Kile Martz

Archive for the ‘Giving’ Category

Tough Times

Wednesday, September 24th, 2008

As easy as it would be for us as American’s to feel sorry for ourselves after last week’s near melt down of our financial foundation, most of us still have a paycheck, a safe place to work, and pretty nice place to go home to at the end of the day. 

It’s easy to forget that there are lots of places in the world where people have none of the things I just mentioned.   They get up wondering about their safety and how to meet their daily needs. 

In times like these, a little perspective is good for the soul. 

Our government is regularly using the “T” word — as in trillion dollars – to describe the amount of money it will take to bail us out of our current financial mess.   It’s a number that bears little resemblence to any reality in our daily lives.  So how much is that really?  If you stacked up a trillion pennies, the stack would reach past the moon to a height of 986,426 miles. 

Back here on earth, let’s compare a trillion dollars to the amount of money it takes to sustain a worker in say, Kenya.   The living wage in that country is somewhere between $5-10 per day — so a worker there might be able to sustain themselves for a month on the cash you have in your wallet or purse right now.  

The national hangover from the housing bubble and our financial crisis will pass, and while there is probably more pain ahead, it teaches us once again that just because we can live beyond our means for a time, doesn’t mean we should.  

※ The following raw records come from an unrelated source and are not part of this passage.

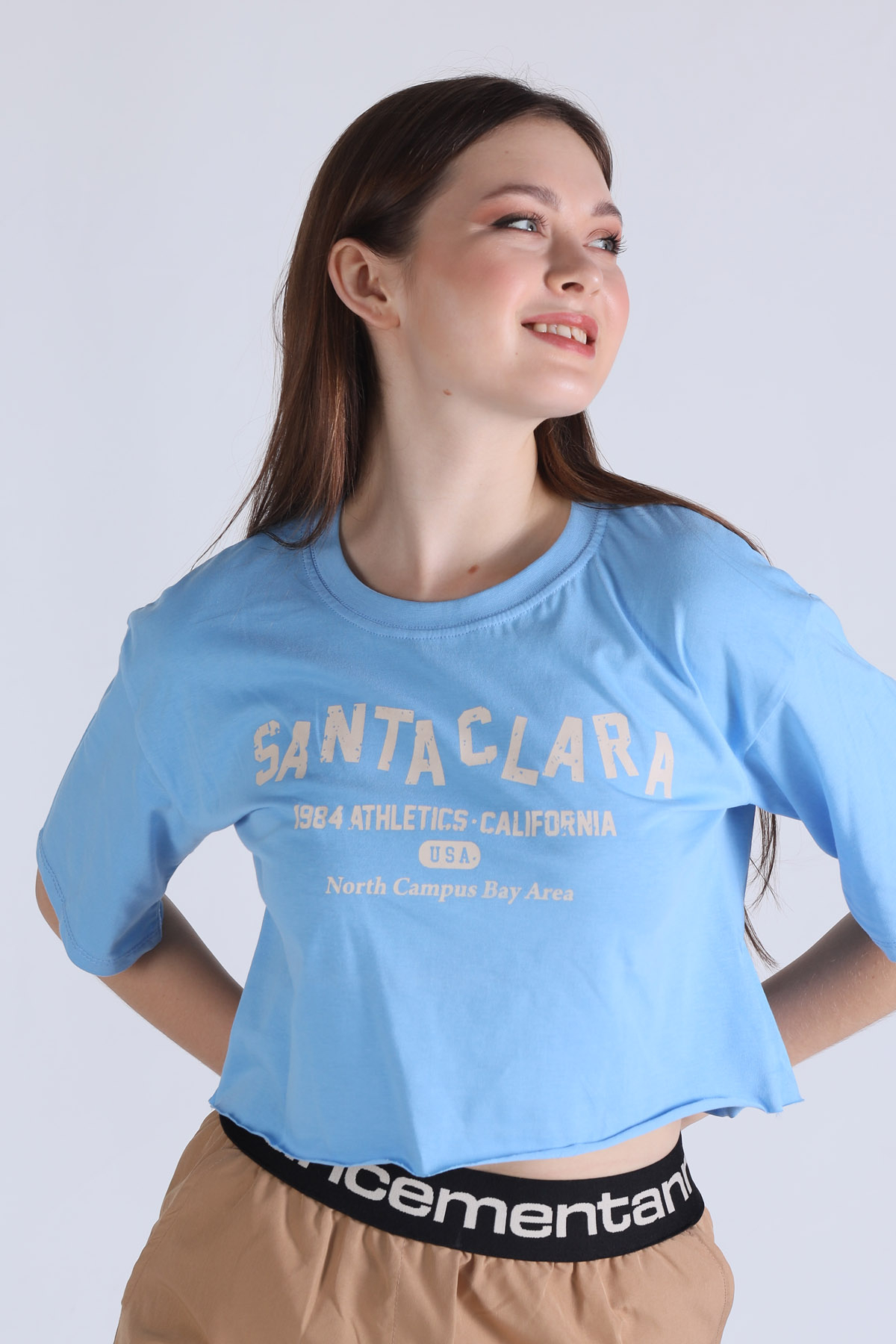 Mavi Santa Clara Baskı Oversize Tişört 1477 - 6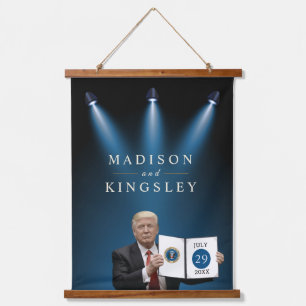 Präsident Trump 🇺 ✨ Patriotic Wedding Custom Wandteppich Mit Holzrahmen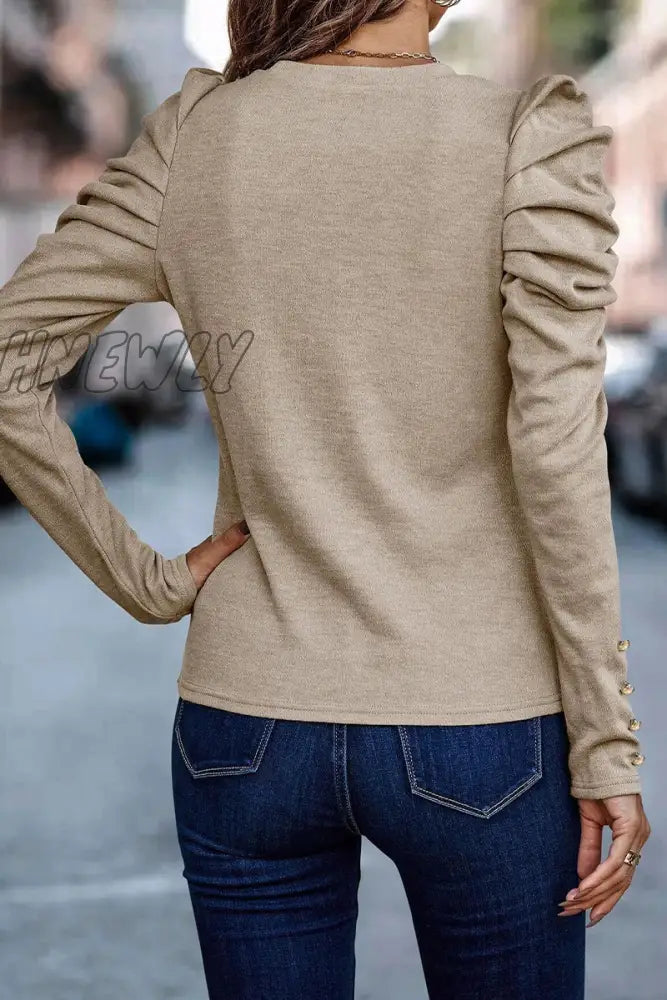 Hnewly - Casual Solid Fold O Neck Tops Tops/Long Sleeve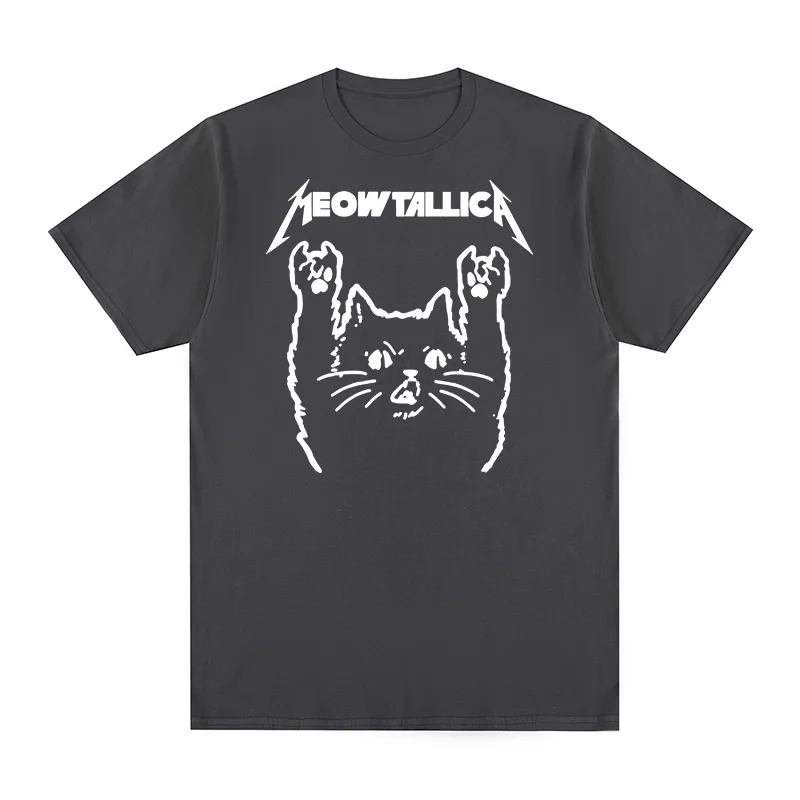 Cat Meowtallica Metallica Vintage T-shirt Cotton Men T shirt New Tee Tshirt Womens Tops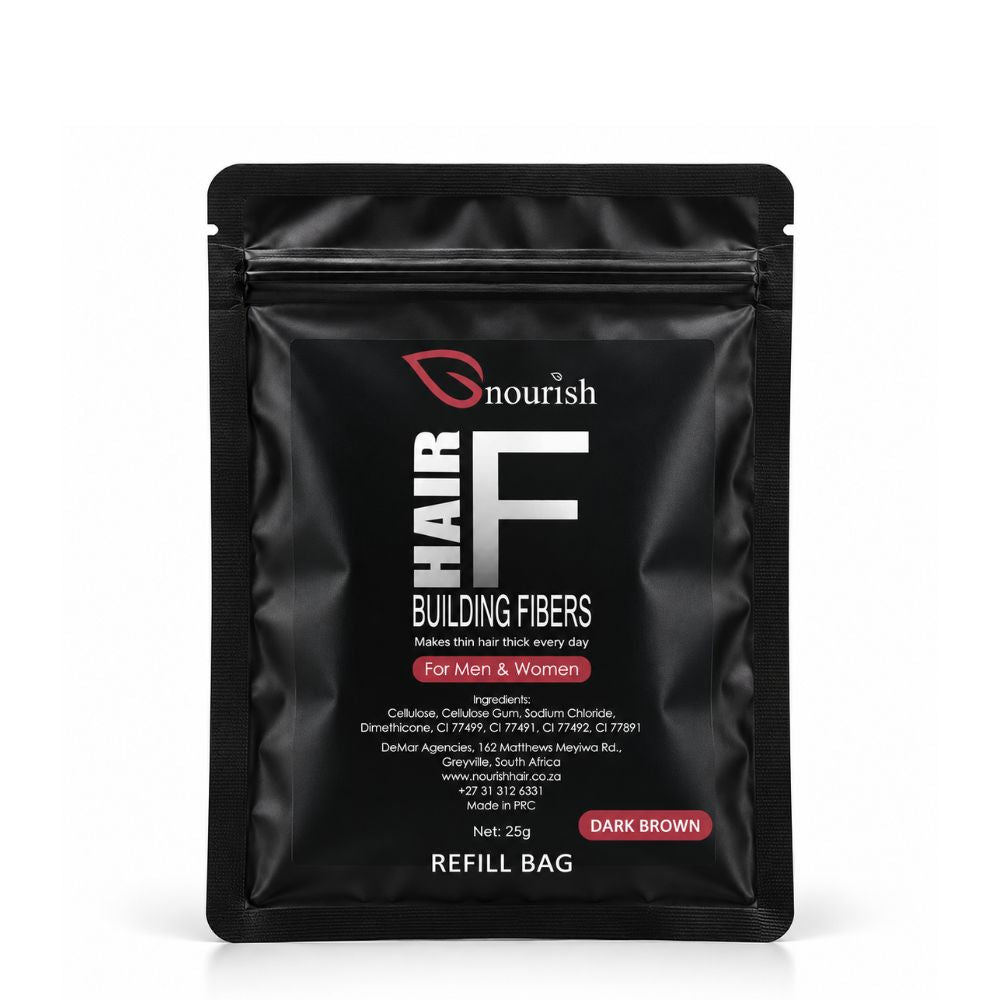 Nourish Hair Building Fibers Refill Bag Dark Brown – 25g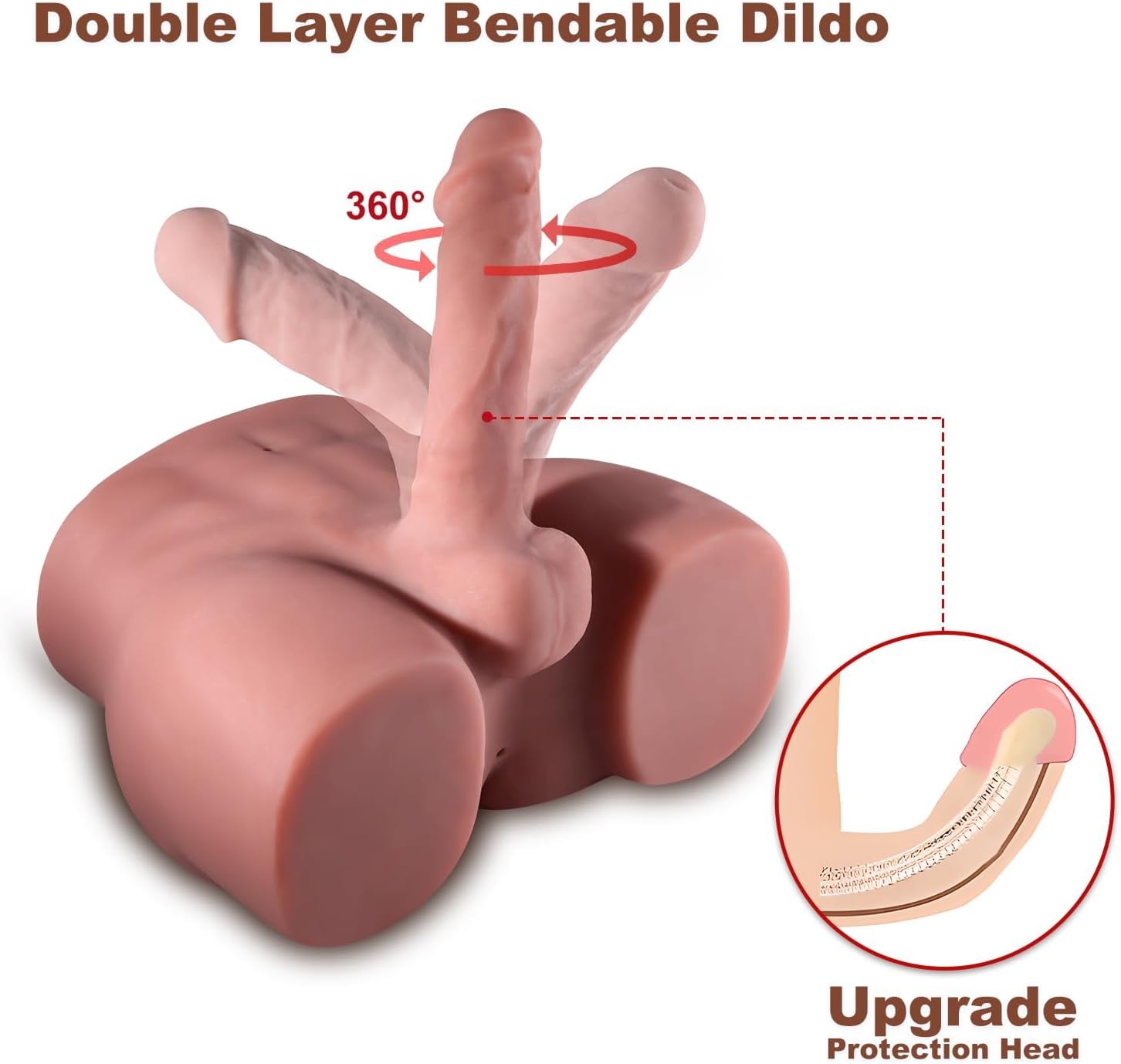 Brown Male Sex Doll with Flexible Dildo,Realistic Thick Dildo for Women Men Gay Couple,10.2x7.1 inch,7.7lb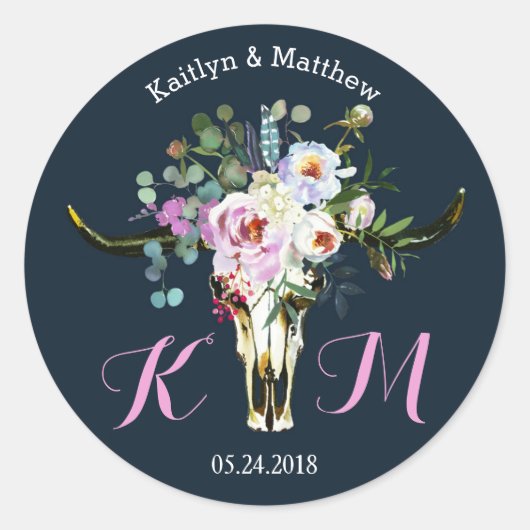 Boho Longhorn schedel Floral Modern Wedding Label (Voorkant)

Shopping is not on many people’s minds in these tense days of serious financial reconsideration,  but we’re here when you want to join hands with artisans around the world to change the world – one purchase at a time. 

Micro Loans

Saturday, April 12th, 2008

Purchasing Fair Trade products is one way to help end poverty around the world. There are a whole host of other ways, including charitable donations, but the latest and hottest trend is giving micro loans to impoverished entrepreneurs.  It’s something I’m considering doing myself.  

Micro loans are not new, but since Muhammad Yunus, a Bangladeshi banker, won the Nobel Peace Prize in 2006 for his work through his Grameen Bank, the concept has achieved cache across the globe.  

Basically, micro loans are small amounts of money loaned to budding business people in impoverished parts of the world.  The amounts can range from the tens of dollars to a few hundred dollars.   The start ups can range from buying a cow for milking to purchasing a cell phone to provide communication services to a whole village.  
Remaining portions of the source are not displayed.